[Brief] Please print the listing that follows word for word, but skip any pictures it holds.

[Provided data]
-*-*-

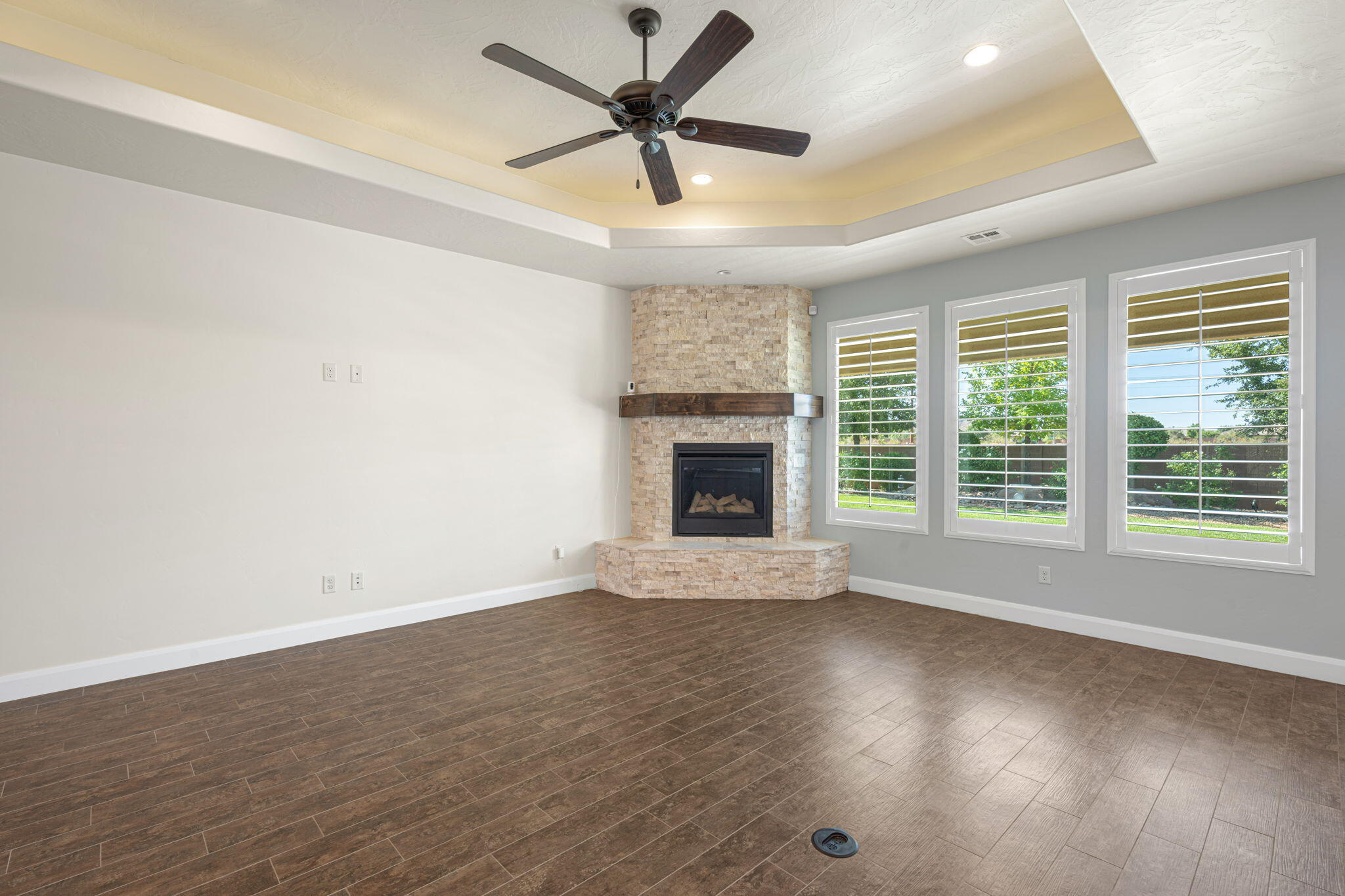 ROADRUNNER RIDGE - Residential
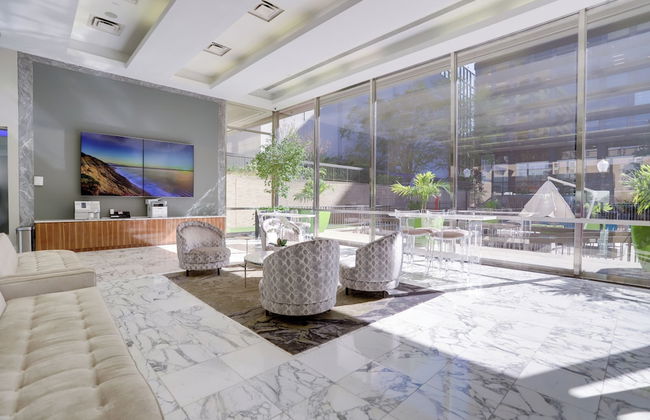 Walkable DC View Apartments - Photo 7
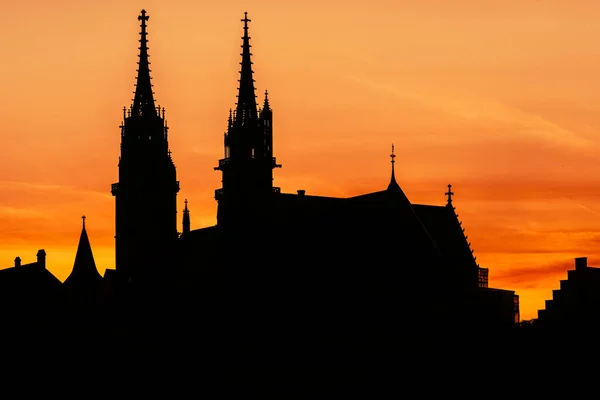 Silueta Kostela Proti Oranžové Obloze Západu Slunce — Stock fotografie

-*-*-

[Written answer]
 ROADRUNNER RIDGE - Residential
 Walkable DC View Apartments - Photo 7
 Silueta Kostela Proti Oranžové Obloze Západu Slunce — Stock fotografie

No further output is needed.